LLDO - LLDB Automation with Swift

Write debugging helpers in Swift, combine them into powerful automation actions and run them as LLDB commands.

Example

LLDO Example

Let’s say your app starts with a login form. How often do you fill out that form every day? Wouldn’t it be nice to automate this? That’s what LLDO is for.

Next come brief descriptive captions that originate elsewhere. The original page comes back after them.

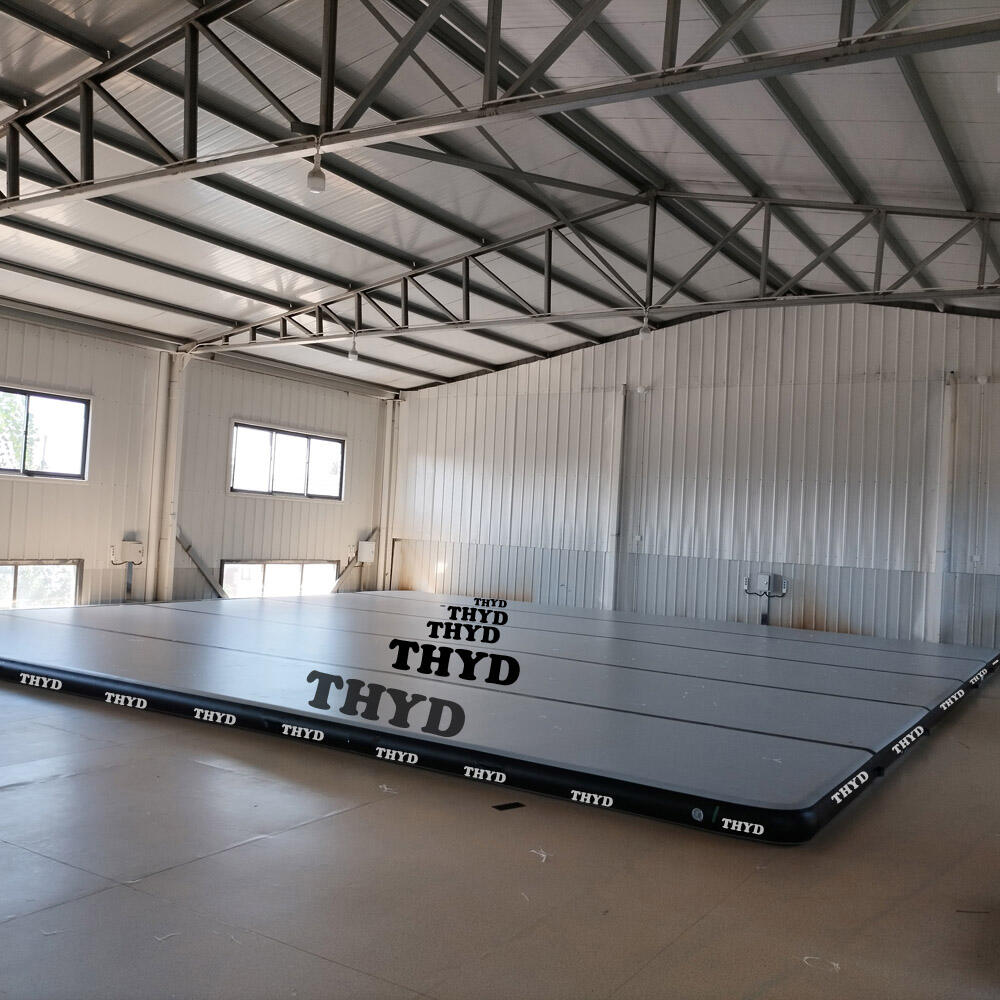 Inflatable floor (6).jpg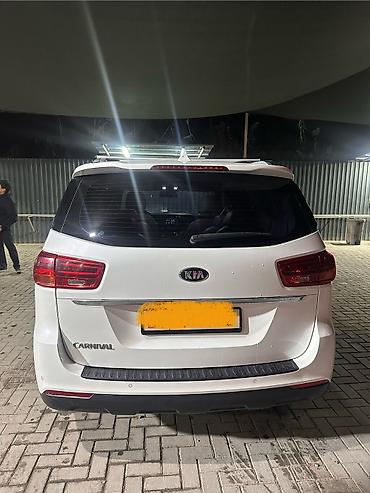 carnival: Kia Carnival: 2019 г., 2.2 л, Автомат, Дизель, Минивэн — 5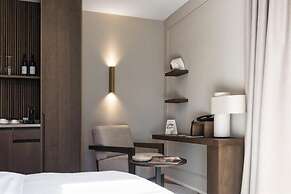 Lingers Suites & Residence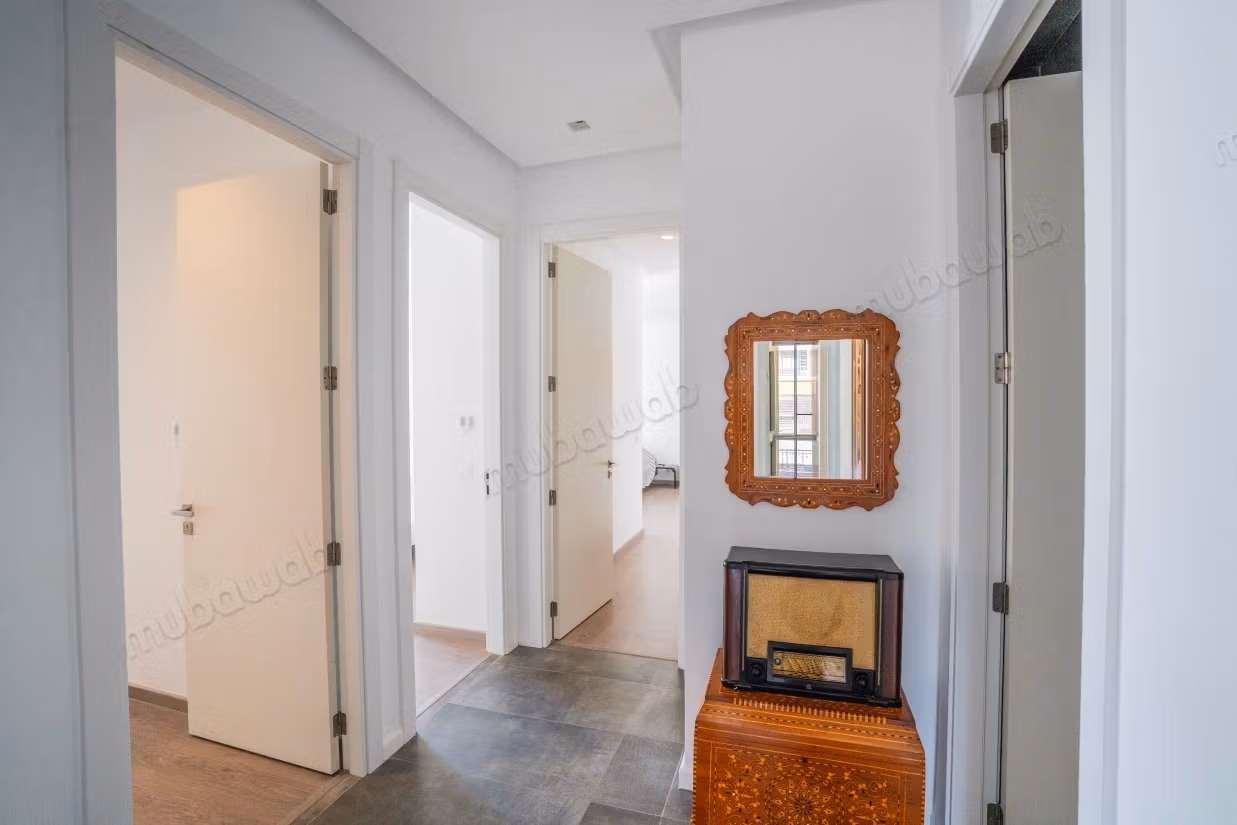 Gemeubileerd appartement met zeezicht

Simply write some automation steps in a login.swift file

UIView.find(byAccessibilityID: "username_input")?.enterText("lldo@lurado.com")
UIView.find(byAccessibilityID: "password_input")?.enterText("awesome")
UISwitch.first()?.slide()
UIButton.first()?.tap()

and call the combined action from LLDB: (lldb) login.

Try It

  1. Clone this repo
  2. Open Example/LLDOSwiftHelper.xcodeproj
  3. Run in the Simulator and wait to hit the breakpoint in AppDelegate.applicationDidBecomeActive.
  4. Type the following commands in the LLDB prompt:
    • command script import /path/to/LLDO (make the LLDO commands available in LLDB)
    • lldo ../lldo_actions (load LLDO helpers and automation actions)
    • login (call login action)

Of course this works for all kinds of forms and basically every workflow that brings your app into a desired state can be automated.

Helpers

LLDO comes with a bunch of helper methods that make writing common automation actions very easy. If you’re using the example app, you can try out a few of them:

// Poking around
po UIButton.first()
po UIView.current.all(UILabel.self)
po UIView.grep("Pass")
po UIView.find(byAccessibilityID: "username_input")
po UIView.current.tree().filter { $0.isHidden }

// Changing stuff
po UITextField.first()?.enterText("mail@company.com")
po UISwitch.first()?.slide()
po UIButton.first()?.tap()

Check the documentation at lurado.github.io/LLDO for a complete list.

Custom Helpers

Helpers need to be extensions on existing classes (see (lldb) help load_swift_file for details). You can develop them like any other code in a Xcode project.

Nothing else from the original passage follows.